Advantages and Use of an SLR Camera
In the SLR camera system, a mirror sits behind the camera lens at a 45-degree angle with the film or digital input resting behind the mirror, blocked from light. The mirror bounces the image through the camera lens and out the viewfinder for the photographer to see the image. Once the shutter is released, that mirror flips up for the duration of time the shutter speed was set and flips down when completed. While the mirror is flipped up, the film behind it is exposed for the duration of time.
SLR cameras also have the unique feature of truly interchangeable lenses. Because the mirror inside the camera hides film from light, you can change lenses even when a roll of film is in the back of the camera. Most SLR cameras also have built-in light meters to measure light for a good exposure, eliminating the need for additional handheld light meters.
The SLR camera system is commonly seen in 35mm cameras using 35mm film, but is also available in medium format cameras. The medium format SLR is generally much more expensive and heavier than the 35mm counterpart but is preferred by many professionals because of the larger film size.
Cons to the SLR Camera
The major con to an SLR camera is that once the mirror flips up to expose the film, the photographer’s view is blocked.
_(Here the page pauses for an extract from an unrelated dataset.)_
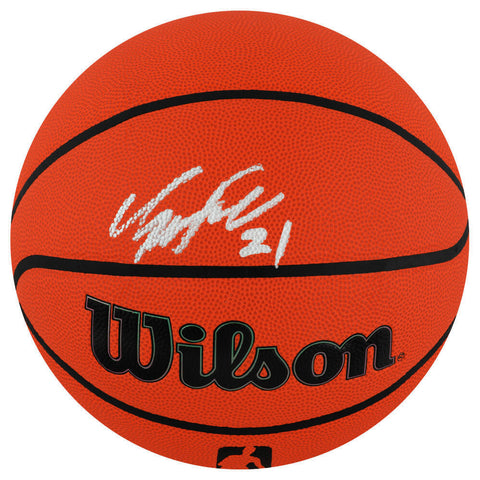 Dominique Wilkins Signed Wilson I/O NBA Basketball - (SCHWARTZ COA)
While this only occurs for a split second, the photographer is never able to see the precise moment the photo is taken. This could come into play for portrait photography or motion photography, among other techniques. A model or subject may move slightly or blink while the image is taken, resulting in a blurry image that you won’t see until the film is developed. For motion photography, this makes it a little more difficult when using the panning-panning technique to follow the moving subject.
Whether you’re a professional or beginner to photography, the single-lens reflex camera should be your first camera type. After mastering various photography techniques you can move onto other systems that challenge the way you think about your shots.